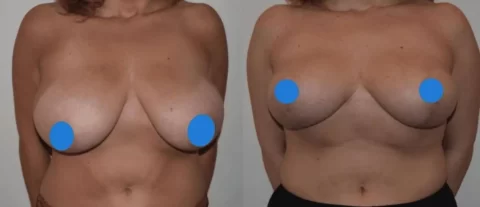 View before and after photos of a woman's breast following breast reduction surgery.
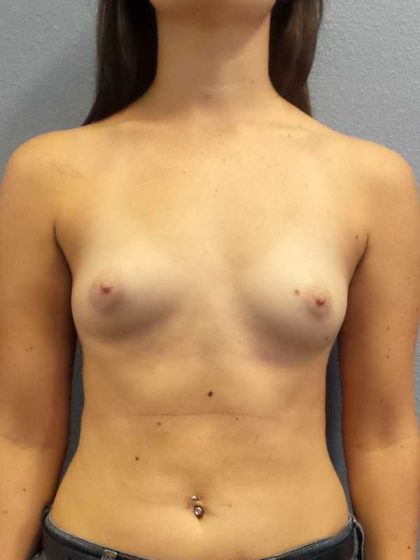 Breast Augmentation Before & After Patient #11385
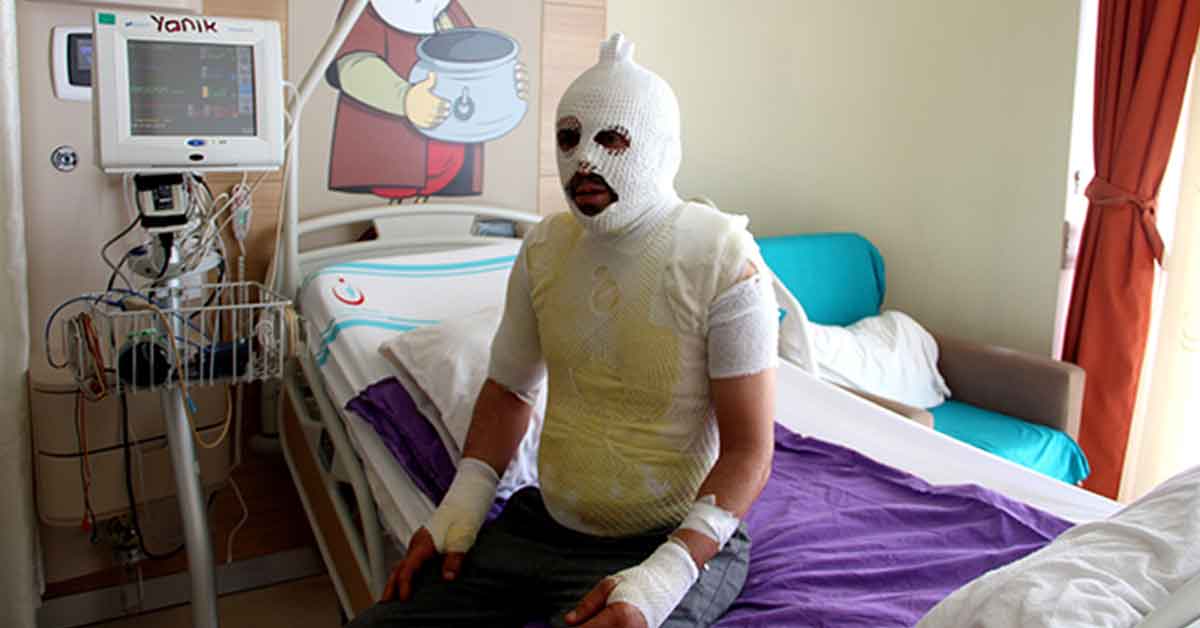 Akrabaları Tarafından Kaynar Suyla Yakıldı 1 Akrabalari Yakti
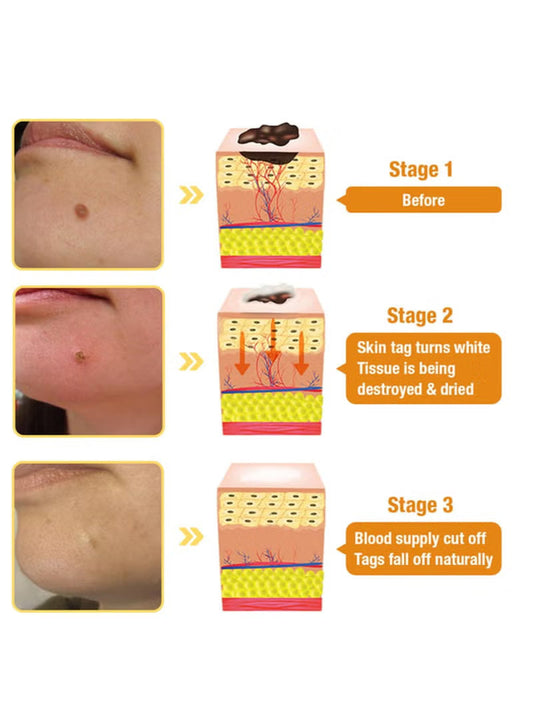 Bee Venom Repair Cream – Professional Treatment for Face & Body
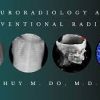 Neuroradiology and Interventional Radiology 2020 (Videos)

○ ○ ○

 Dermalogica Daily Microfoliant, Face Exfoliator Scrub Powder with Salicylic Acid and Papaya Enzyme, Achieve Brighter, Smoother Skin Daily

○ ○ ○

Work instructions – Leave out the images and write out the lines above exactly, from the one with "Bee Venom Repair" up to and including the one with "Neuroradiology and Interventional".

Answer to this task –
 Bee Venom Repair Cream – Professional Treatment for Face & Body
 Neuroradiology and Interventional Radiology 2020 (Videos)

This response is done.